- _ABOUT THIS EXERCISE_
Lines from the one with "קניון לב כרמיאל/נשיאי" up to and including the one with "noticed you noticing" are to be copied exactly from the records below, without their pictures.

- _RECORDS_
- - - - -

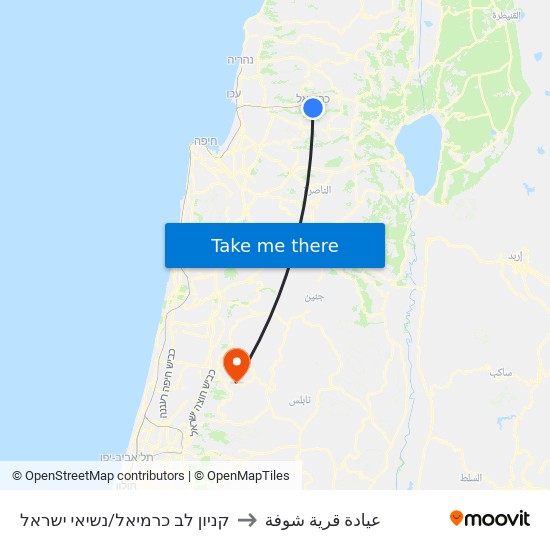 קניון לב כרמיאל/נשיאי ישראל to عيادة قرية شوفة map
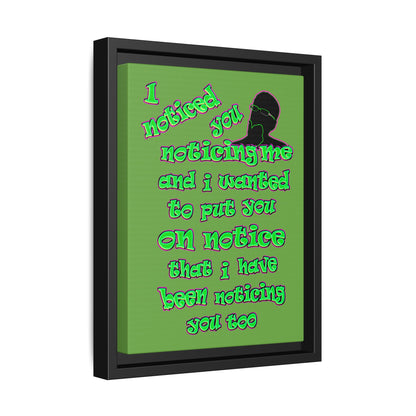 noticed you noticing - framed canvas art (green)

- - - - -

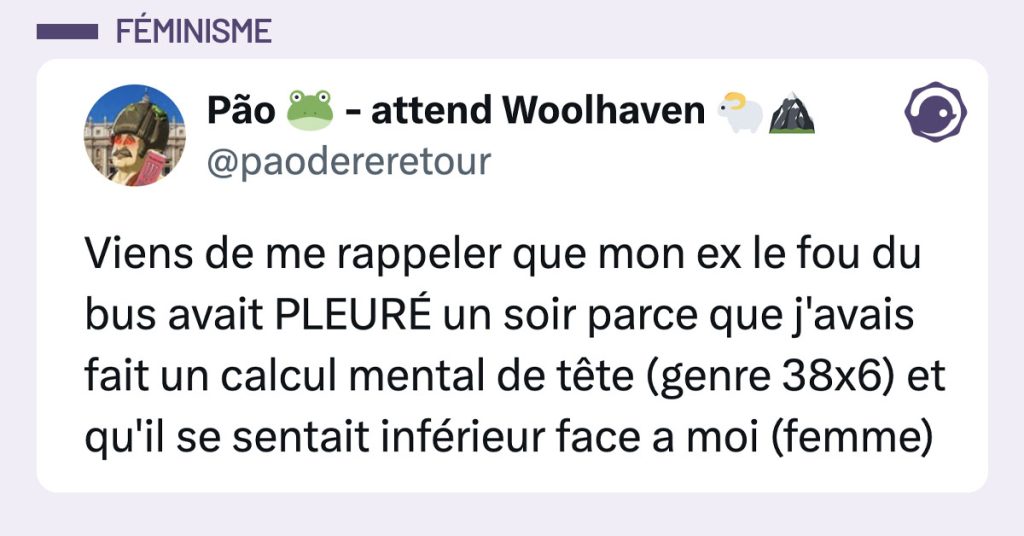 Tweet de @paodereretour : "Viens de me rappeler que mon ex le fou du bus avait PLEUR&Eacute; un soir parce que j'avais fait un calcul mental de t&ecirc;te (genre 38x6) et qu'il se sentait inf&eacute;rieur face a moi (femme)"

- - - - -

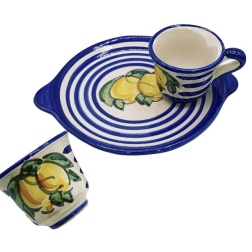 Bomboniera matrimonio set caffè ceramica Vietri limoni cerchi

- - - - -

- _WRITTEN ANSWER_
 קניון לב כרמיאל/נשיאי ישראל to عيادة قرية شوفة map
 noticed you noticing - framed canvas art (green)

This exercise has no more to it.